*** Opening DATASET RECORDS ***
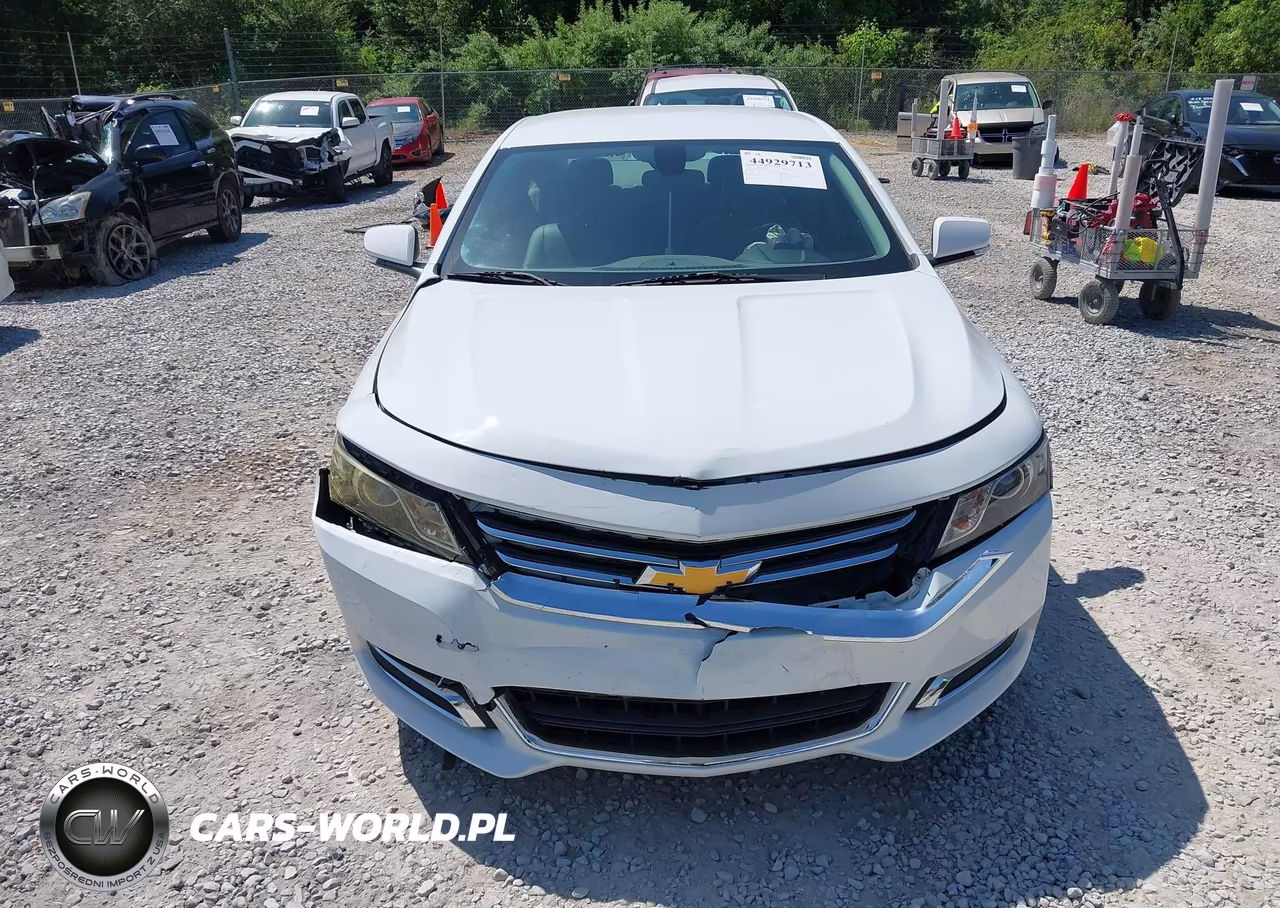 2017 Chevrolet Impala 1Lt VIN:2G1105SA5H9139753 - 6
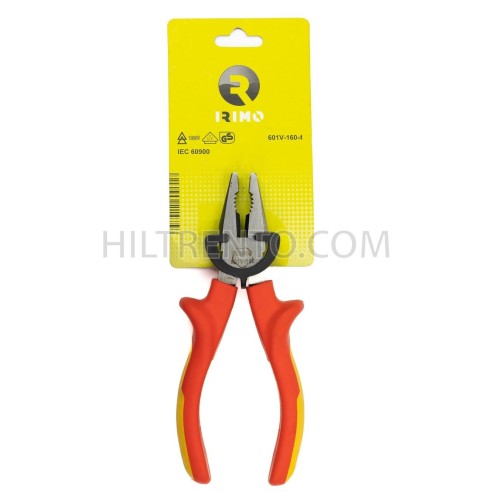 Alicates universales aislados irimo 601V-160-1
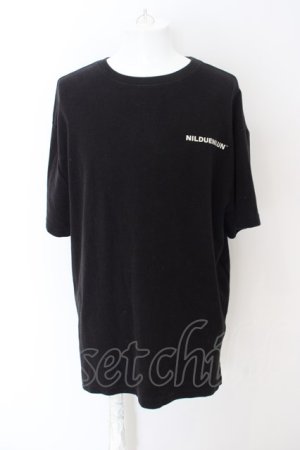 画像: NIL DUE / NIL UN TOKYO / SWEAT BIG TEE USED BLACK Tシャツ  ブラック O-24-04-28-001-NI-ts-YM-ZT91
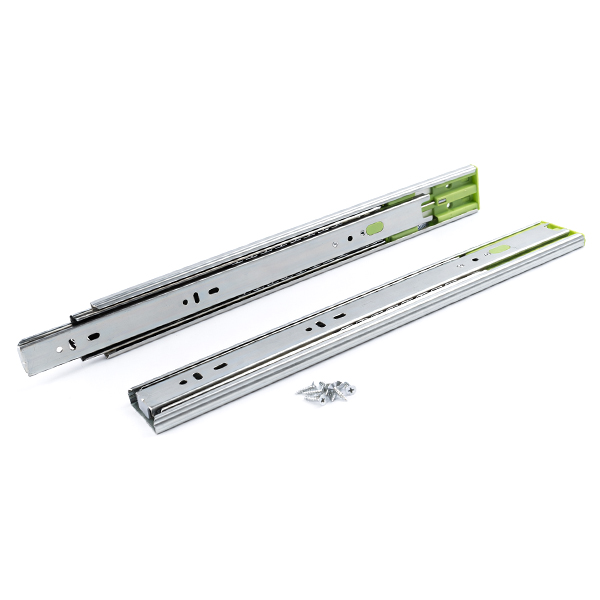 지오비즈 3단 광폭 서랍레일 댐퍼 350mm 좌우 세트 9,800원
*** Closing DATASET RECORDS ***
*** Opening DATASET RECORDS ***
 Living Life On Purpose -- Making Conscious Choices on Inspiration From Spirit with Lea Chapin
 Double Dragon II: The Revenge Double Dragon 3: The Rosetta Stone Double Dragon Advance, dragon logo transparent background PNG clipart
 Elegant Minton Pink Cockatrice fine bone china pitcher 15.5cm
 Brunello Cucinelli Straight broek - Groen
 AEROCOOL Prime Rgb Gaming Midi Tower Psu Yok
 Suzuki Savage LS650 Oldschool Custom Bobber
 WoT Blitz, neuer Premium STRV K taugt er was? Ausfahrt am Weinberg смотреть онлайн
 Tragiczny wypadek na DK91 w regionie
*** Closing DATASET RECORDS ***
*** Opening DATASET RECORDS ***
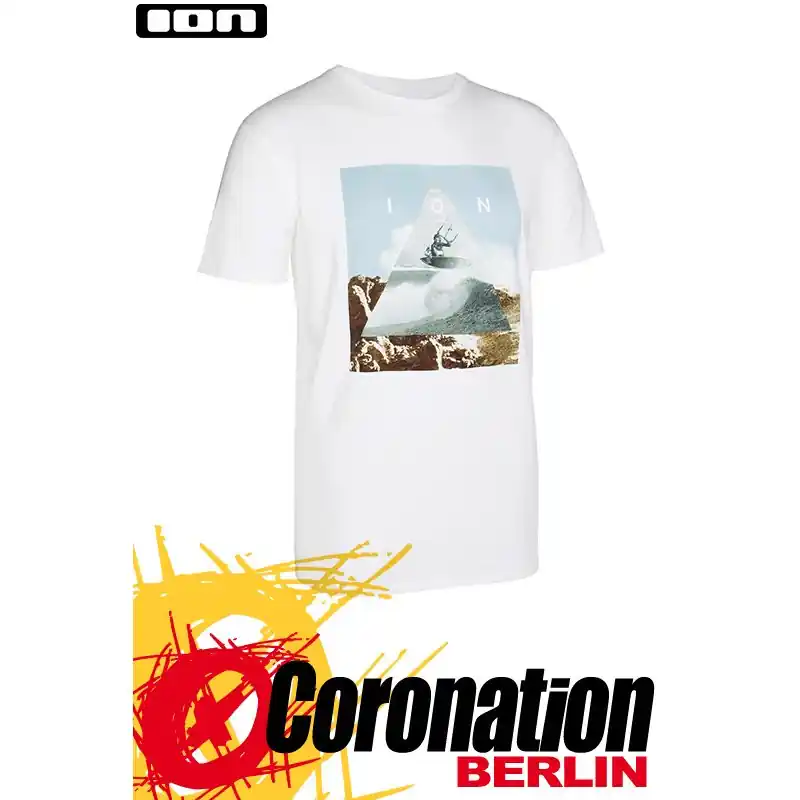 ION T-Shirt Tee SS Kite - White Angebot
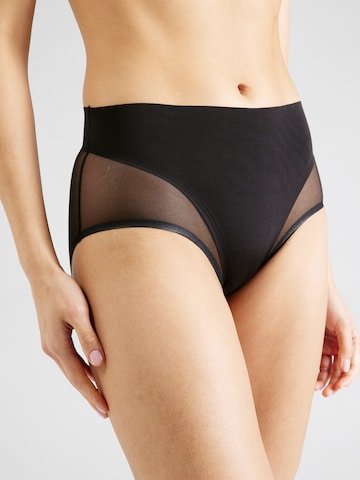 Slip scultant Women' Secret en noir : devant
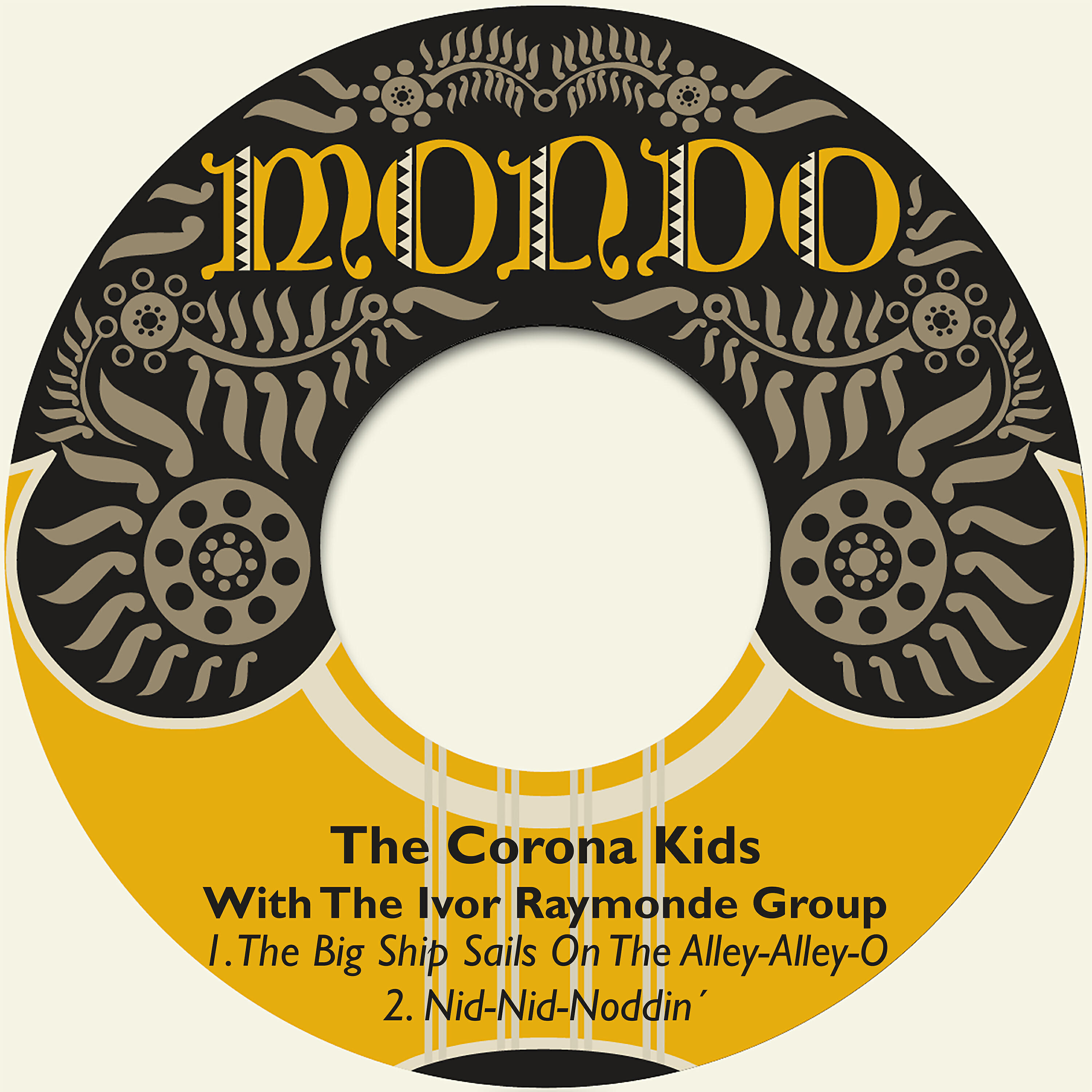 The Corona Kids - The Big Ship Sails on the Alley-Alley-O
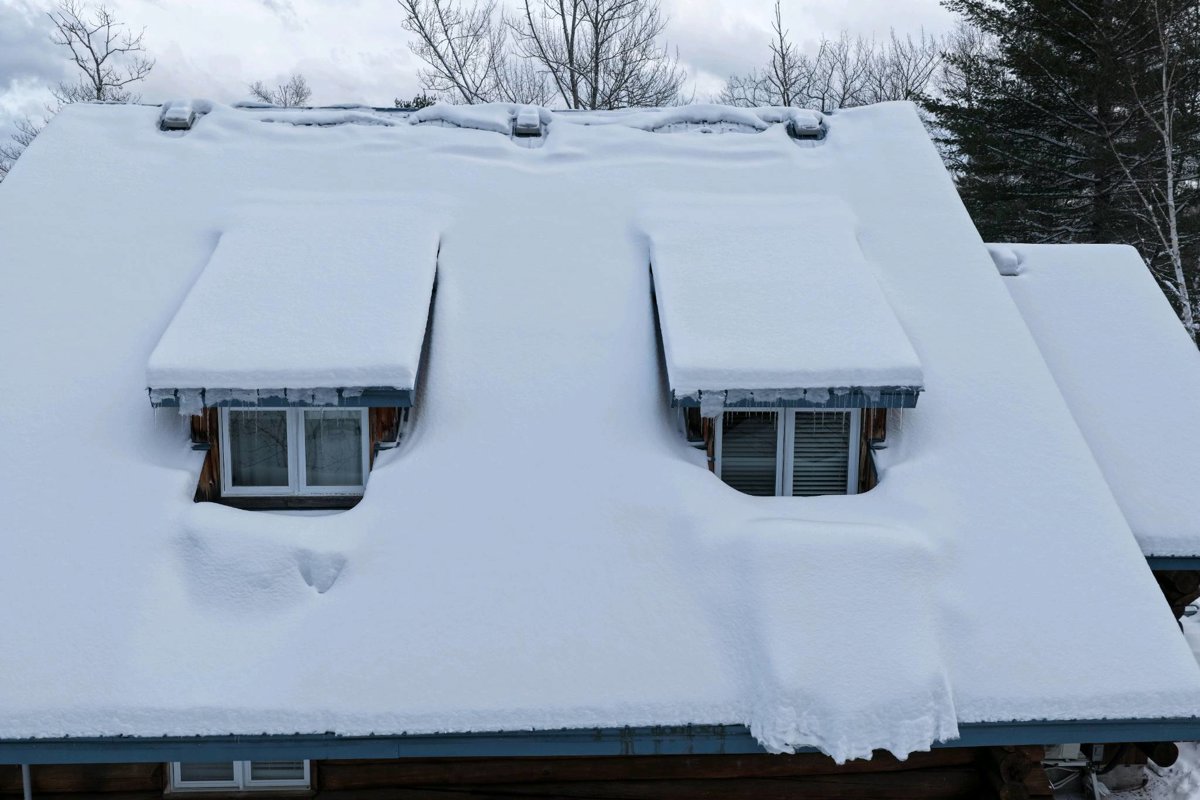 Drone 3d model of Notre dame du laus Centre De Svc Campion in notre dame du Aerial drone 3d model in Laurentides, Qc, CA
*** Closing DATASET RECORDS ***
Return, with no change at all, every line in the entries above from the line containing "Brunello Cucinelli Straight broek - Groen" through the line containing "Tragiczny wypadek na DK91 w regionie".

 Brunello Cucinelli Straight broek - Groen
 AEROCOOL Prime Rgb Gaming Midi Tower Psu Yok
 Suzuki Savage LS650 Oldschool Custom Bobber
 WoT Blitz, neuer Premium STRV K taugt er was? Ausfahrt am Weinberg смотреть онлайн
 Tragiczny wypadek na DK91 w regionie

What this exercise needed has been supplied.